画面の拡大。キーボードショートカット。障害者にとってのWebの意義。
埋め込みオブジェクトの操作の実例。ミツエーリンクスのポッドキャストをNVDAで。

NetReaderによるWeb閲覧。ページ内で何十回もキーを叩いて目的の情報へ。ぶつかるまで端っこかどうか分からない。
構造をマークアップすればナビゲーションが効率化。1の10,2の10のような位置の呈示。
見出しジャンプをYahoo Japan のサイトで実演。
メニュースキップを福祉情報工学研究会のサイトで実演。
JAWSやPC-Talkerの価格。NVDAとFirefoxをNetReaderライクに使える。点字ビューアー機能。
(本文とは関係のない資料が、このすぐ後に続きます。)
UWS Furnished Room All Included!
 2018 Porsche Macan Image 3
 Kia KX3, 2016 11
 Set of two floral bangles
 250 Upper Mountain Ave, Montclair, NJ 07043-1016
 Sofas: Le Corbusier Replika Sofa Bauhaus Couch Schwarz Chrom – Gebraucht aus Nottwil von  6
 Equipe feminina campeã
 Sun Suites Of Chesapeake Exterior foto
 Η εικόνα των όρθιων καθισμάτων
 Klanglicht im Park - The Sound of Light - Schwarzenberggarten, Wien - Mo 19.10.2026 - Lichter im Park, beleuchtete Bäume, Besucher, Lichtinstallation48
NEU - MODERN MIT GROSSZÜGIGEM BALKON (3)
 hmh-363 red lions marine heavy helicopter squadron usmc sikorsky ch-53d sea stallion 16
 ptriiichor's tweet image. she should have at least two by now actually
日本語版の取り組み。音声エンジンの速さや韻律の調整。アーリーアダプターとしての支援技術。
かな漢字変換の詳細読み。
最後に便利な機能の紹介:ヘルプモード、要素リスト。
Firefox操作ガイドNVDA.jpサイトの紹介。
日本語版から本家への貢献が今年の課題。

質問。音声や点字についての日本語固有の困難?テキスト解析の違いが大きい。

終了後につぶやいたこと、思い出したこと:
つい実演しながら言ってしまいましたが「スクリーンリーダーのショートカットキーは指がつりそうな操作が多い」のです。Emacsのanythingのような「状況に応じて賢く応答する対話インターフェース」が支援技術にも求められています。Apple Siri のような音声対話だけでなく、もっと幅広い可能性があります。それは先日の言語処理学会 NLP2012 の招待講演で市川先生が言及された支援技術の将来展望に重なると考えています。

直前の Windows 8 CP のご発表とのつながりで「キーボードで快適に生活する方向性とスクリーンリーダーの方向性は近い」ということも感じていただけて、よかったです。Metro メニューは上下左右のカーソルキーで操作できます。日本語版の Windows 8 CP には日本語音声合成エンジンがやっと搭載されたので、ぜひ「ナレーター」やNVDAでお試しください。